Wenn die Symptome anhalten oder schwerwiegend werden, empfiehlt der Arzt eine Operation.

  • Chirurgische Behandlung zur Behandlung der zervikalen Spinalkanalstenose: Sie zielt darauf ab, den Druck auf das Rückenmark zu verringern, indem der Spinalkanal erweitert wird. Zu den Verfahren zur Behandlung der Spinalkanalstenose gehören:
    • Laminektomie: Eine Laminektomie wird durchgeführt, wenn der Bandscheibeninhalt und die Knochensporne in den Spinalkanal gelangt sind. Dieser chirurgische Eingriff umfasst das Entfernen oder Trimmen des Laminaknochens, um den Wirbelkanal zu erweitern und mehr Platz für das Rückenmark zu schaffen. Dadurch kann sich das Rückenmark entspannen, wenn der Druck nachlässt.
    • Anteriore zervikale Diskektomie und Fusion: Eine Fusionsoperation konzentriert sich auf die Verbindung von zwei oder mehr Knochen zu einem einzigen festen Knochen. Meistens wird die Fusionsoperation durch den vorderen Teil des Halses durchgeführt, um die Halsknochen zu verschmelzen. Der Chirurg entfernt während der Operation die Bandscheibe (Diskektomie) zwischen zwei Wirbeln. Das gibt der Wirbelsäule Stabilität.
    • Korpektomie und Strut Graf: Eine Korpektomie hilft bei der Druckentlastung eines großen Teils des Rückenmarks. Der Chirurg entfernt bei diesem Eingriff den vorderen Teil der Wirbelsäule sowie mehrere Wirbelkörper. Mit Hilfe von Knochenersatzmaterialien werden die Hohlräume dann aufgefüllt. Anschließend werden Metallplatten und Schrauben verwendet, um die Wirbelsäule während der Heilung an der richtigen Stelle zu fixieren. Eine Korpektomie wird im Allgemeinen in schweren Fällen von Spinalkanalstenose verwendet.

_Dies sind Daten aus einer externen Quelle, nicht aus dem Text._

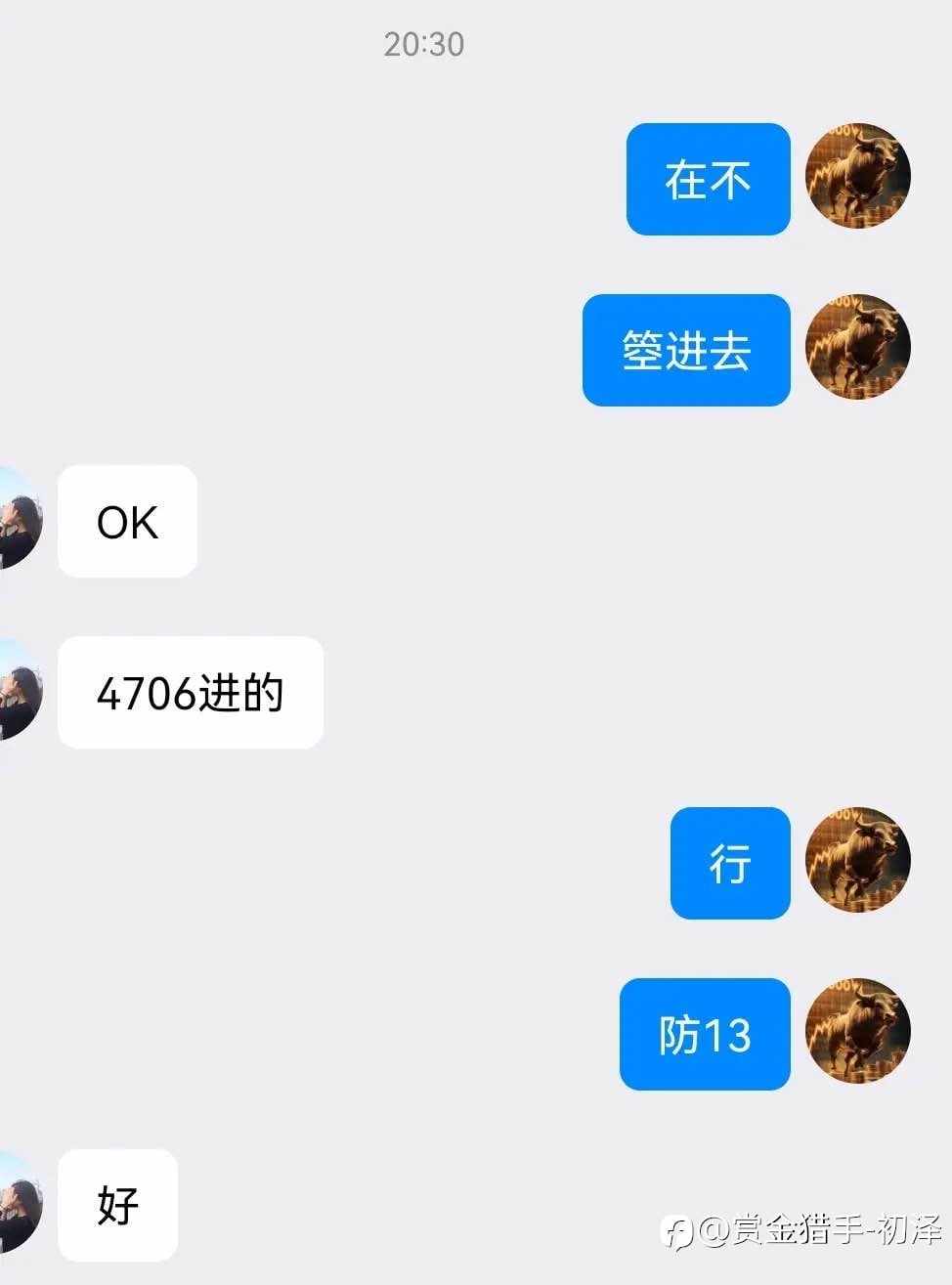 feed-image-0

Es gibt alternative Therapien zur Behandlung der Halswirbelsäulenstenose wie:

  • Chiropraktische Behandlung der Halswirbelsäulenstenose: Es handelt sich um die Anwendung von Traktion und Zugkraft, um den Zwischenwirbelraum zu vergrößern. Die chiropraktische Behandlung basiert auf der Philosophie, dass die Bewegungseinschränkungen der Wirbelsäule Nacken- und Rückenprobleme verursachen. Auch bei akuten Rückenschmerzen hat sich diese Behandlungsstrategie als wirksame Therapie erwiesen.
  • Akupunktur  und Akupressur : Bei dieser Behandlung werden bestimmte Stellen auf der Haut durch verschiedene Behandlungen mit dünnen, festen Metallstiften stimuliert, die in die Haut eindringen, oder durch Druck auf die Punkte mit der Hand.

Bewältigung der zervikalen Spinalkanalstenose

Patienten mit leichten Symptomen folgen einer nicht-chirurgischen Behandlung für drei bis sechs Monate. Manche müssen die Halskrause monatelang tragen.

Falls der Zustand schwerwiegend ist oder durch nicht-chirurgische Behandlung nicht geheilt wird, wird eine Operation gewählt. Nach der Operation muss der Patient einige Tage im Krankenhaus bleiben und den Anweisungen des Physiotherapeuten folgen, die den Nacken nicht belasten. Während der Genesung kann ein Patient in eine Halo-Weste oder eine starre Nackenstütze gelegt werden, die die Bewegung im Nacken einschränkt und eine Fusion der Knochen und ihre Heilung ermöglicht. Diese Behandlung wird für fünf bis sechs Monate fortgesetzt. Die meisten Patienten rehabilitieren zu Hause. Knochenfusionen können mehrere Monate dauern.

Fazit

Zervikale Spinalkanalstenose ist eine fortschreitende Krankheit und die meisten ihrer Symptome treten im Alter auf. Es wird hauptsächlich durch den Verschleiß des Wirbelkanals verursacht, der das intern platzierte Rückenmark betrifft. Wenn sie nicht behandelt wird, kann sie gefährlich werden und zu einer Myelopathie führen . Chirurgische Behandlungen gelten in schweren Fällen von zervikaler Spinalkanalstenose als wirksam. Dauerhafte Nervenschäden und Degenerationen, die Schmerzen verursachen, können jedoch nicht behandelt werden. Solche Patienten können durch alternative Therapien Linderung erfahren. Wenn sich der Patient besser fühlt, kann er seine vorherigen Aktivitäten ausführen. Sie müssen jedoch ihre täglichen Aktivitäten ändern, um Probleme in der Zukunft zu vermeiden.